Thursday 4 October 2012

Highlander Coffee, Singapore

Highlander Coffee, Singapore
 
Outram Park in Singapore has become a mini coffee hub recently, with at least 4 cafes (Nylon, Highlander, Oriole and Strangers Reunion) serving artisan coffee. Highlander was one of the first (if not the first) third wave cafes to open in Singapore, and is still roasting and serving interesting blends of coffee on Kampong Bahru road.   
 
 
 
 
Highlander is also a coffee academy, which holds regular barista workshops, as well as coffee appreciation sessions. One session was finishing as I stopped by, which gives me an idea for my next day off... 
 
 
So, how did the theory translate into practice? Are the baristas the 'crema' the crop? (Ok, no more puns). The espresso below has a light brown crema, and the volume was spot on - a good single shot should not fill up an espresso mug. It had a interesting acidic taste - not tart, but the right amount of bitterness. The biscuits which come with all coffees in Highlander are sweet, and balance out the acidity.
 
 
 
The house blend in Highlander is a combination of beans from Brazil, Ethiopia and Sumatra, which is a good combination for lattes, cappuccinos etc. The stronger, lasting aftertaste ensures that there is still a definite taste of coffee, and that the steamed milk does not mask any flavour. (I mention this a lot, but it's a fundamental part of a good coffee). Highlander house blend uses a specific ratio of beans from these different countries to ensure a very specific taste. The amount of foam used was slightly more akin to a latte, but it had no impact on taste or texture. Just an observation, not a criticism.
 
I also saw digitial scales lined up beside a French press, with tells me that specific amounts of coffee are being used for different brewing methods. (I have seen this in Nylon and CSHH also - will be reviewing both soon). My inner coffee geek was delighted to see this - it means that thought (and probably experimentation) has gone into the brewing process. The whole point of this blog (in which the title is a reference to the optimum extraction time for an espresso shot) is to highlight cafes which serve good coffee by putting thought and effort into each shot. (Nylon, Papa Palheta, CSHH, Oriole, Jimmy Monkey, Maison Ikkoku and some others all do this, I just haven't posted reviews yet. There is only so much caffeine that I can take in one day!)
 
 
 
Some coffee accessories are available, such as grinders, filters, aeropresses and vacumn packs to store ground beans.
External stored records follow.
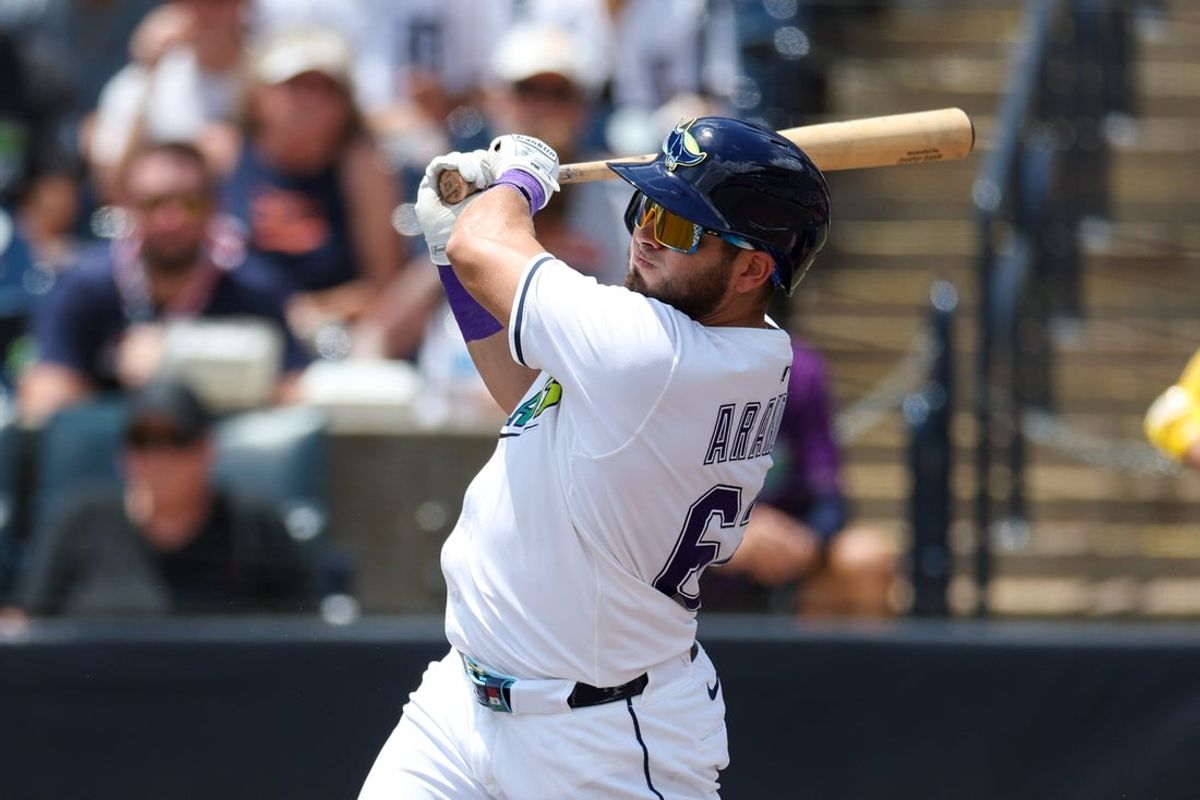 Jun 21, 2025; Tampa, Florida, USA; Tampa Bay Rays first baseman Jonathan Aranda (62) doubles against the Detroit Tigers in the first inning at George M. Steinbrenner Field. Mandatory Credit: Nathan Ray Seebeck-Imagn Images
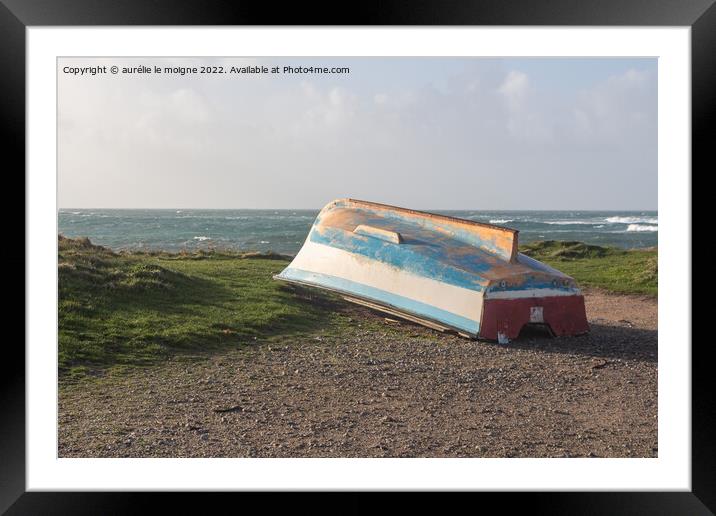 Boat turn upside down to winterize Framed Mounted Print by aurélie le moigne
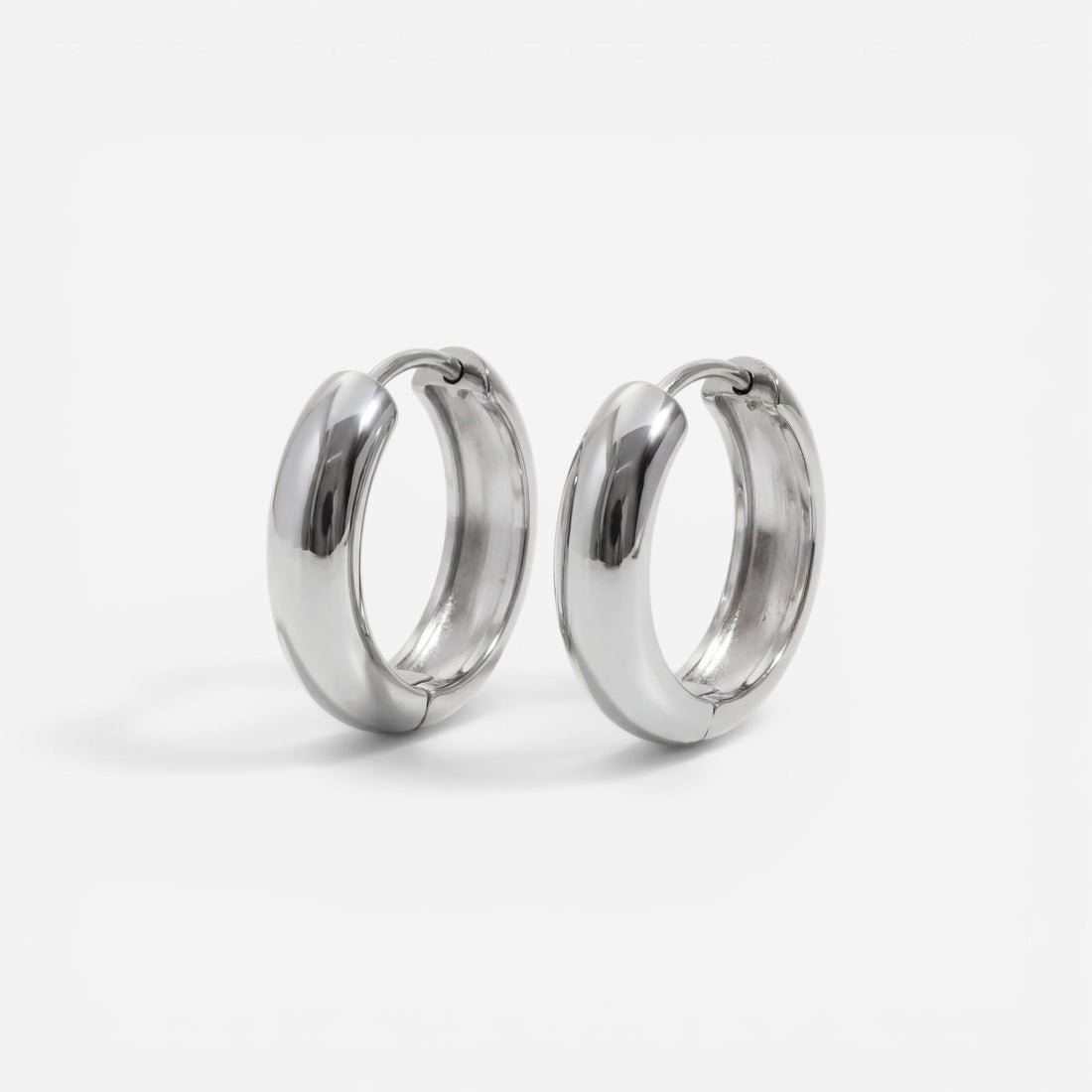 Silver chunky dome huggie earrings stainless steel minimalist design.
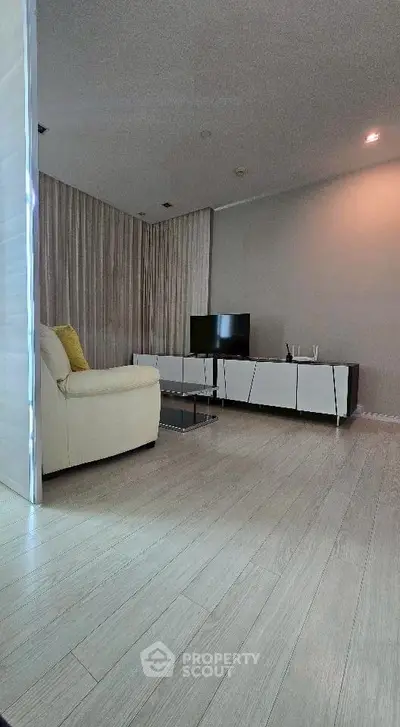 Modern living room with sleek furniture and TV setup, featuring elegant flooring and neutral tones.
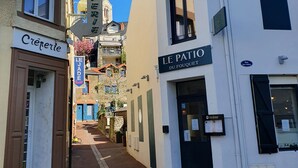 Eine schmale Straße, gesäumt von Häusern, darunter ein Café namens 'Creperie' und ein Geschäft namens 'Le Patio'.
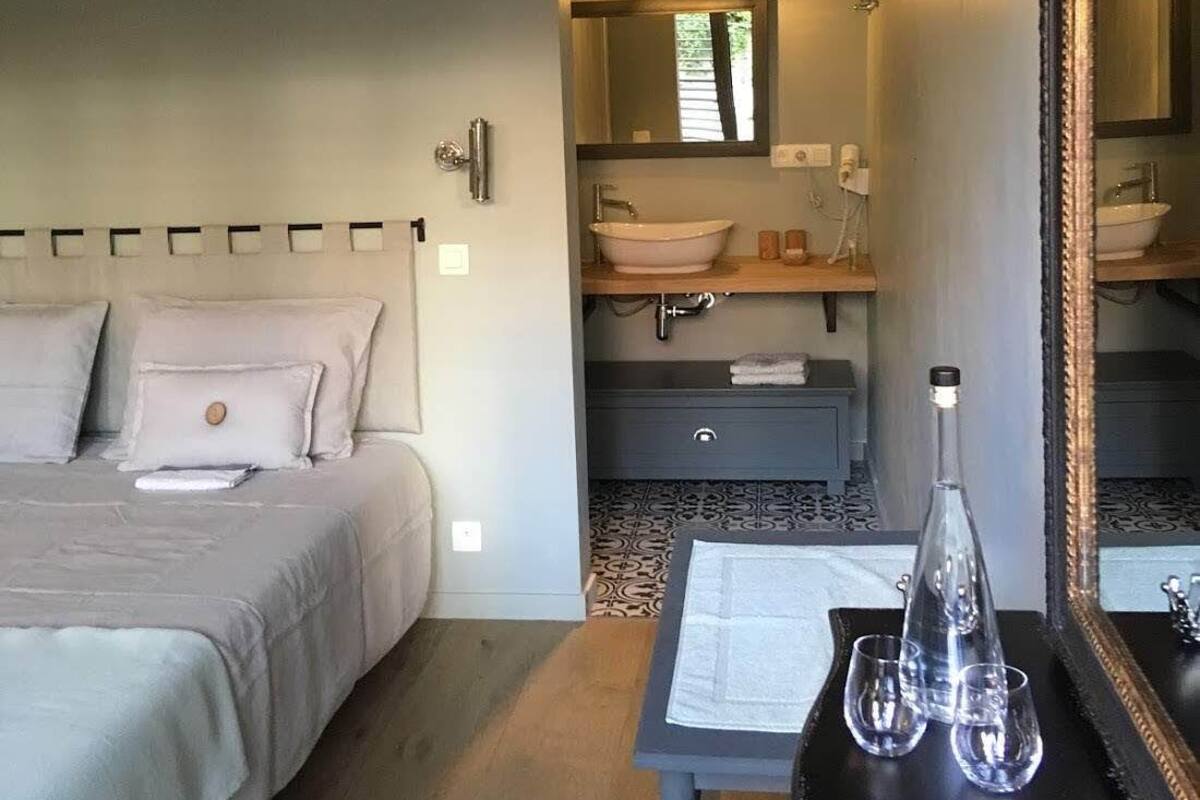 A bedroom with a bed, a bedside table with a bottle and glasses, and a bathroom with a sink and mirror.
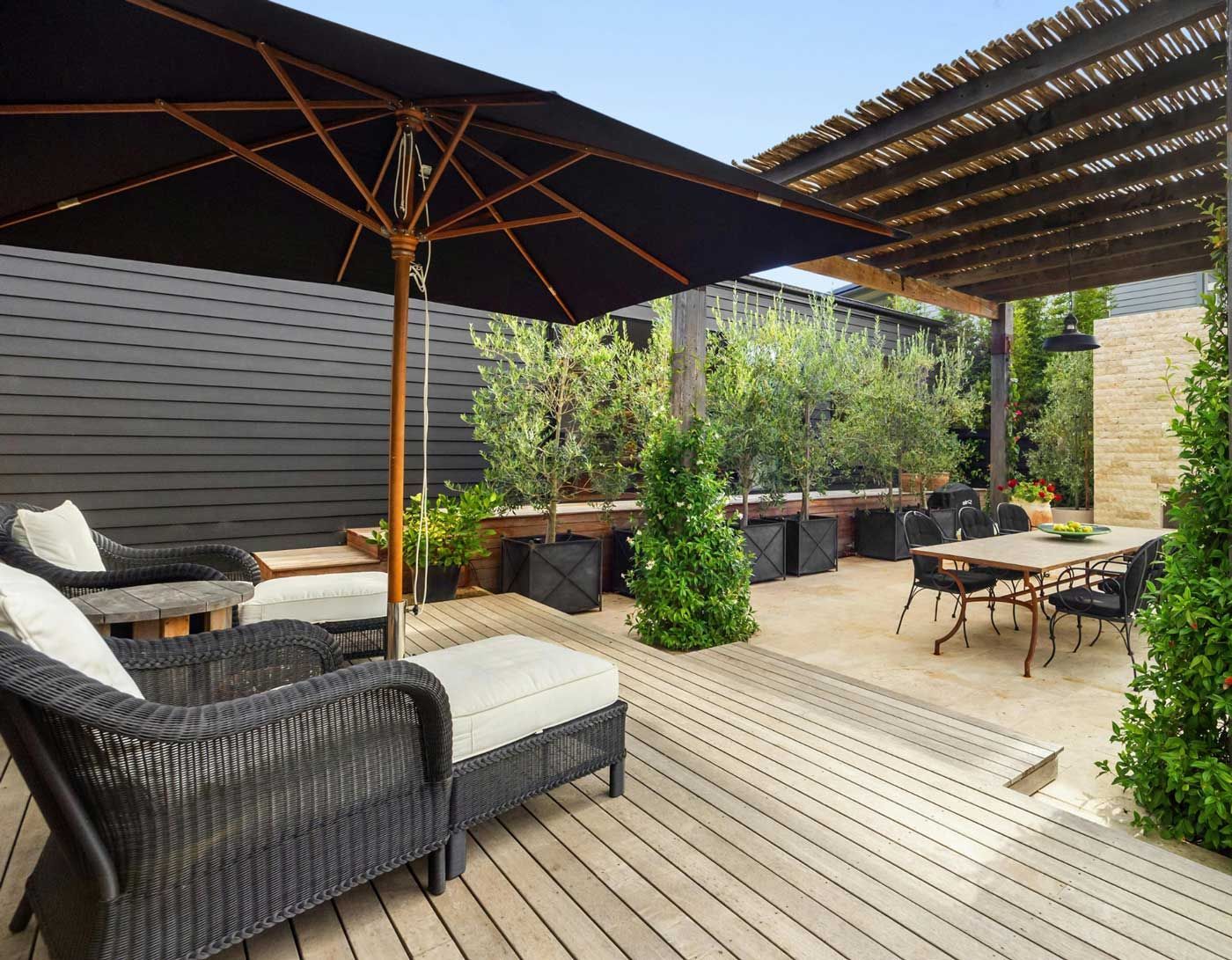 A patio with a table , chairs and umbrellas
Pricing is good - consistent with other cafes, beans are slightly cheaper. My wife recently saw an Aeropress on sale in a shop in Orchard Road for $129 (!), roughly twice what it should be. In contrast, there were no rip off prices here. 6 bean selections are available also, including the house blend that I tried. There are lunch items on sale (sandwiches, pastries and cakes), as well as smoothies and Italian soda's available for non coffee drinkers - so no excuses for not stopping by!